Qantas’ request for government aid and its announcement of 1000 job losses knocked fragile sentiment and sent the major banks sharply lower.
Last night in the US good economic news was bad for stocks and the forecast beating 215,000 rise in the ADP private payroll number hit stocks before a late rally on weak ISM services data lifted the S&P 500 index to a marginally weaker finish.
Westpac economist Elliott Clarke said analysis of positive manufacturing ISM data released on Tuesday was that market participants and policy makers alike would be well advised to remain cautious on the outlook for the real economy which did not reflect the positive trend.
“Main Street remains under considerable pressure, limiting growth opportunities in this household centric economy,” he said.
The Australian dipped to a low of US89.99¢ last night before bouncing to US90.40¢, but Australian government 10-year bonds yields leapt 10.4 points to a fresh two-year high of 4.41 per cent as US benchmark 10-years jumped 7 points to a three-month high of 2.85 per cent.
The Australian trade deficit widened to $529 billion in October from $271 million as exports eased 0.1 per cent and imports rose 0.8 per cent.
“With further fiscal consolidation likely to be announced in coming weeks, the prospect of further increases in the unemployment rate and the outlook of weaker nominal income growth as the terms of trade enters the next leg of its longer term decline in 2014 we continue to believe that the RBA will ease interest rates in 1Q14, most likely at the March meeting,” Goldman Sachs analysts said.
The Shanghai composite index was off 0.1 per cent at the close of the ASX as fears of a cash drain from the resumption of initial public offerings weighed on sentiment.
In Tokyo the Nikkei index was off 0.4 per cent.
Gold bounced $US23 to $US1237 an ounce and copper pared its overnight 2 per cent rally, sliding 0.7 per cent to $US7040 a tonne. Spot iron ore climbed 0ne per cent to $US139.70 a tonne.

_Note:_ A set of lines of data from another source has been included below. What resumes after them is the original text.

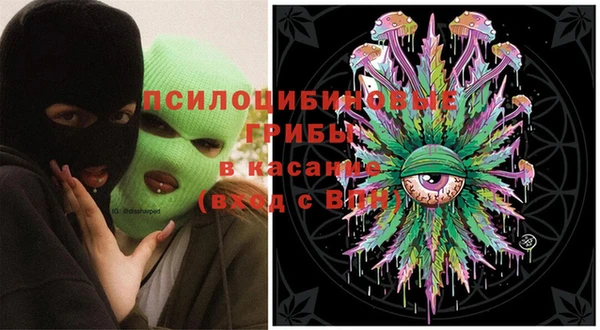 молекула духа Алексин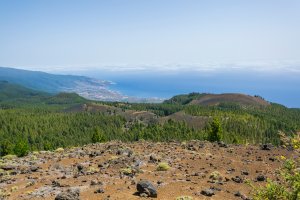 Panorama sur la forêt et la mer depuis un sommet des Canaries
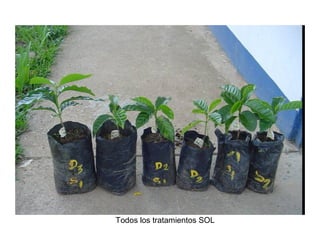 Todos los tratamientos SOL
 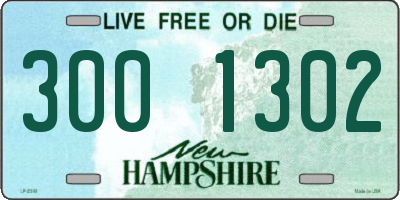 NH license plate 3001302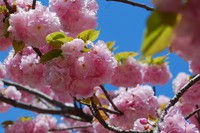 桜１１.jpg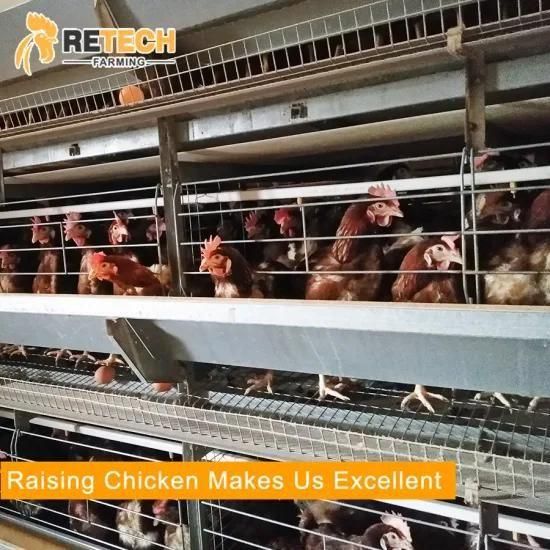 H Type 4 Tiers Chicken Layer Cage Poultry Farms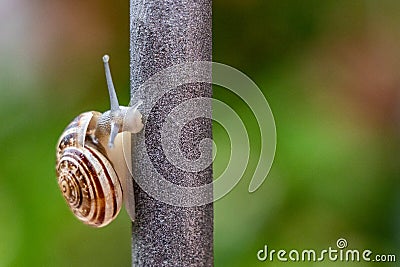 Close up view of a cute garden snail, slowly coming out of its shell. Lovely, brown, fibonacci, spiral, helix pattern. Stock Photo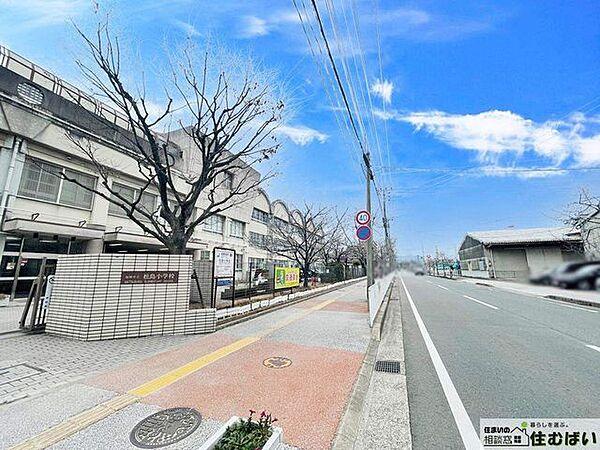 【周辺】福岡市立松島小学校 （徒歩10分）小学校がお近くで小さなお子様がいらっしゃるご家庭でも安心です♪ 700m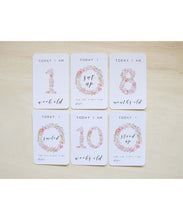 Posey Collection Baby Milestone Cards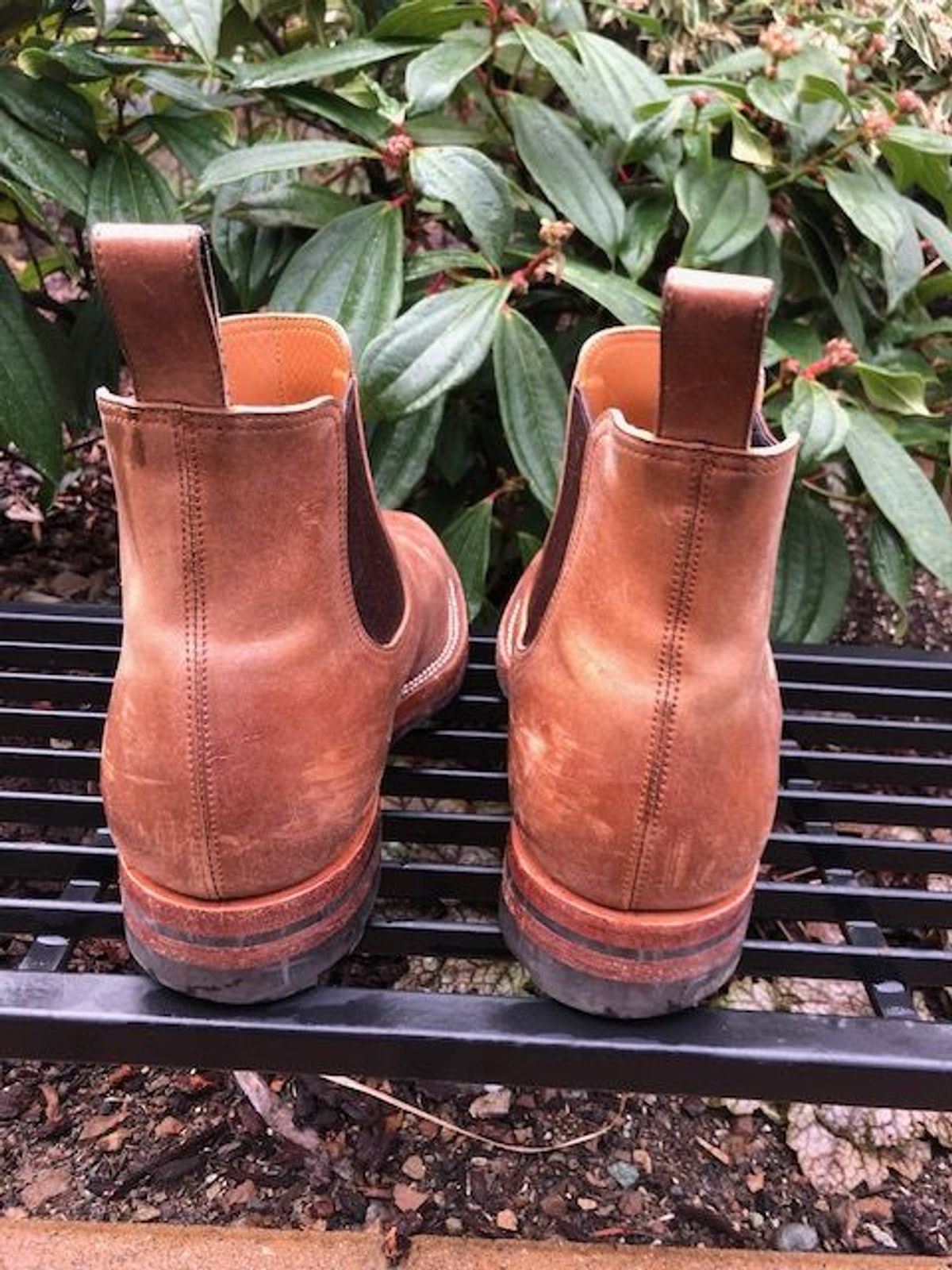 Photo by patinathunderdome on February 5, 2022 of the Benzein The Seventh Chelsea Boot in Maryam Toscanello Horsebutt.
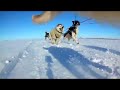 Dogsledding iceland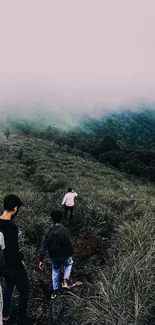 Group hiking through a misty mountain trail.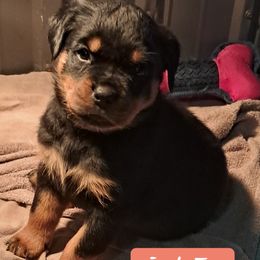 Girl 1 - Black and mahogany female Rottweiler puppy in De Witt, Iowa from Irish Eyes Kennels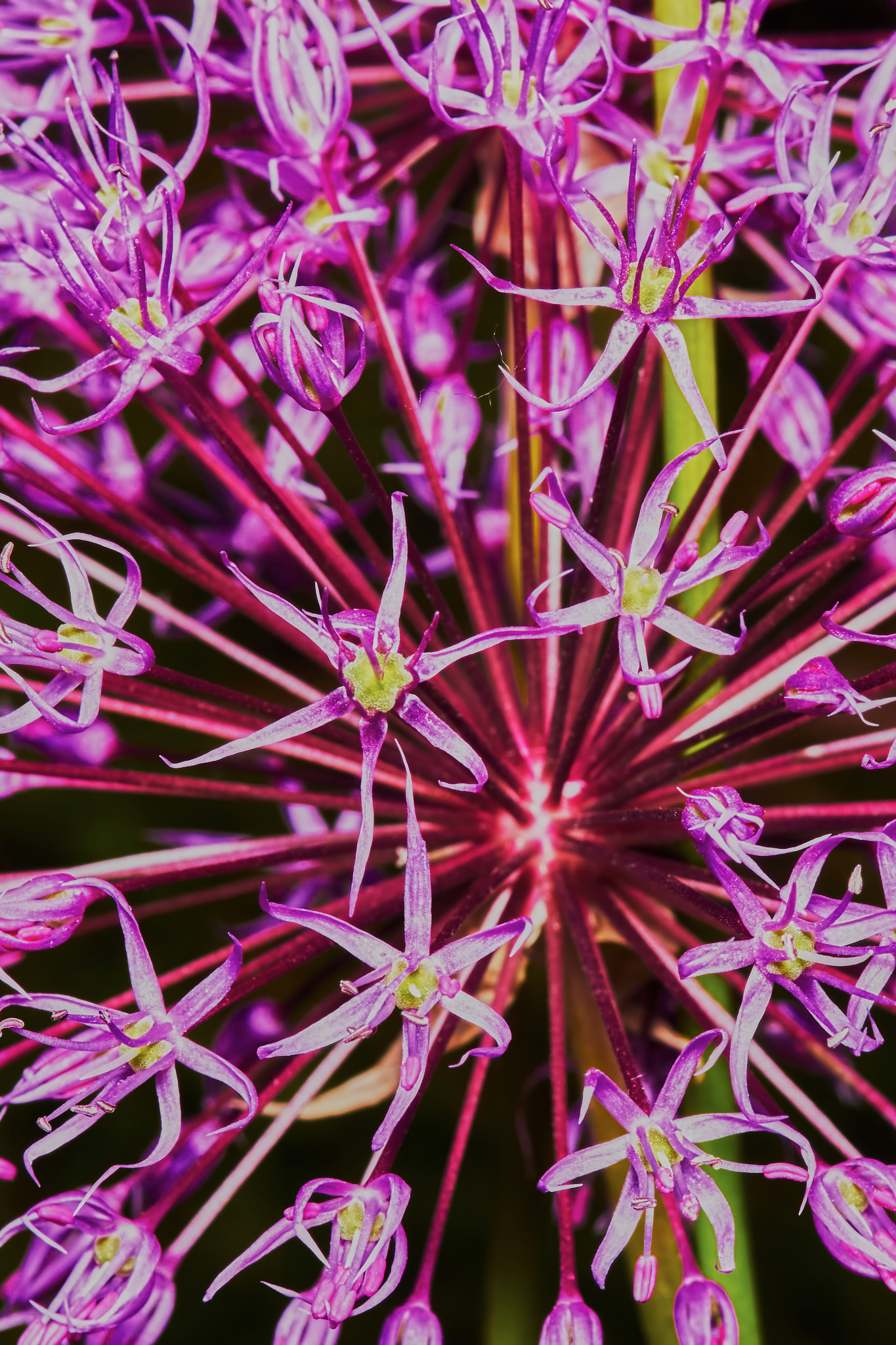 Sony a7 + Tamron SP AF 90mm F2.8 Di Macro sample photo. Purple allium flower bulbs photography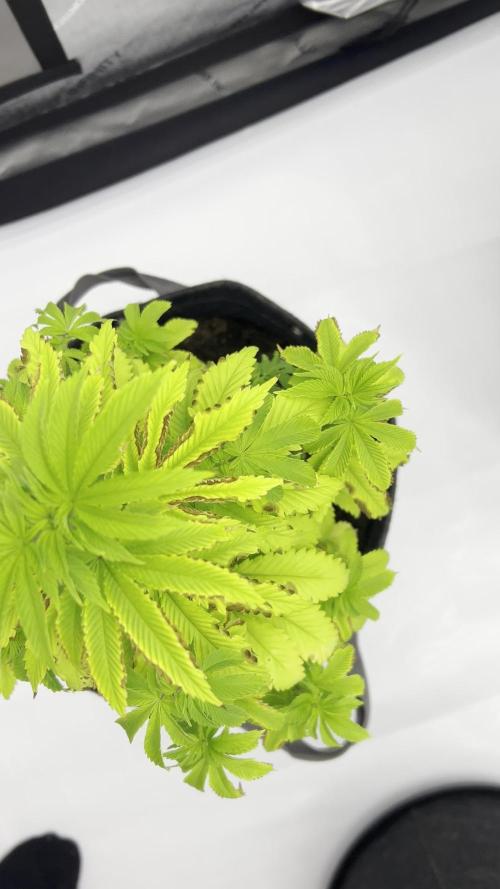 GSC (Girl Scout Cookies)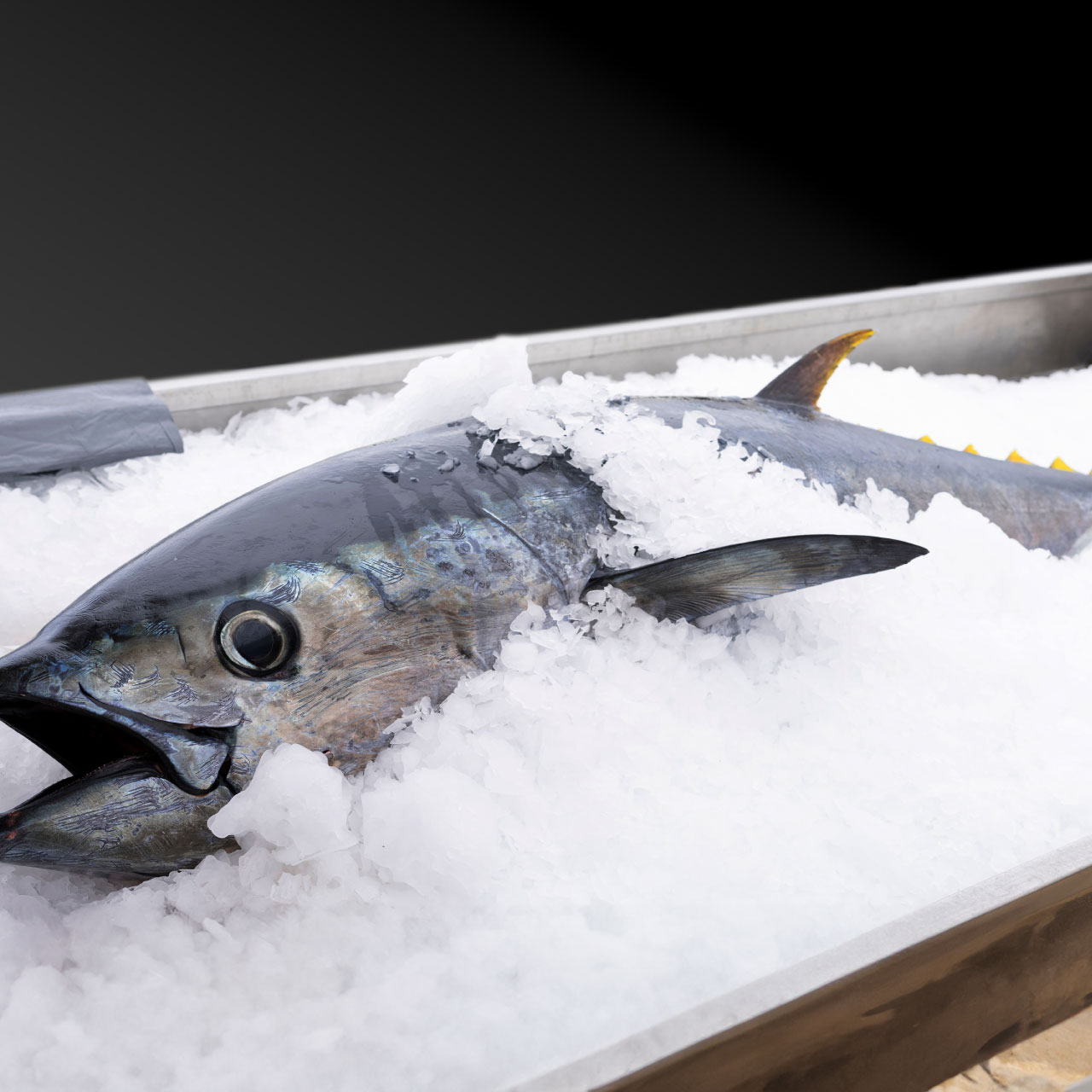 岡山 本マグロ 瀬戸内回転寿司 旬や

CMC Markets chief market analyst Ric Spooner the market appeared to have built up downside momentum with yield stocks - above-average dividend payers - falling most after strong gains this year.
"We are just seeing a bit of profit taking I think, book squaring with markets positioning for the jobs figure (non-farm payrolls) in the US tomorrow night,” he told AAP.
The ASX200 index has fallen four out of the last five sessions.
Every stock among the top 20 and 48 of the top 50 on the bourse fell.
Yield stocks to fall included Woolworths, which dropped 59 cents, or 1.8 per cent, to $32.82 and Wesfarmers, which gave up 54 cents to close at $41.76.
The major banks posted heavy losses, with Westpac the biggest loser dropping 86 cents, or 2.7 per cent, to $31.49, Commonwealth sagging $1.30 to $75.50, ANZ retreating 57 cents to $31.19 and National Australia Bank dumped 72 cents to $33.66.
Qantas on Thursday flagged a half-year pre-tax loss of $250 million to $300 million, and said it will axe 1,000 jobs.
Its shares closed 13.5 cents or 11.2 per cent, lower at $1.07, with 80 million shares changing hands.
The Australian market overall was weaker following overnight falls on overseas markets.
Resources stocks did slightly better due to higher commodity prices and the lower Australian dollar, which helped some other stocks.
BHP Billiton dropped two cents to $36.78 and Fortescue added six cents at $5.69.
The broader All Ordinaries index was down 70.6 points, or 1.34 per cent, at 5196.9 points.
The December share price index futures contract was 66 points lower at 5211 points, with 32,296 contracts traded.
National turnover was 2.0 billion securities worth $5.3 billion.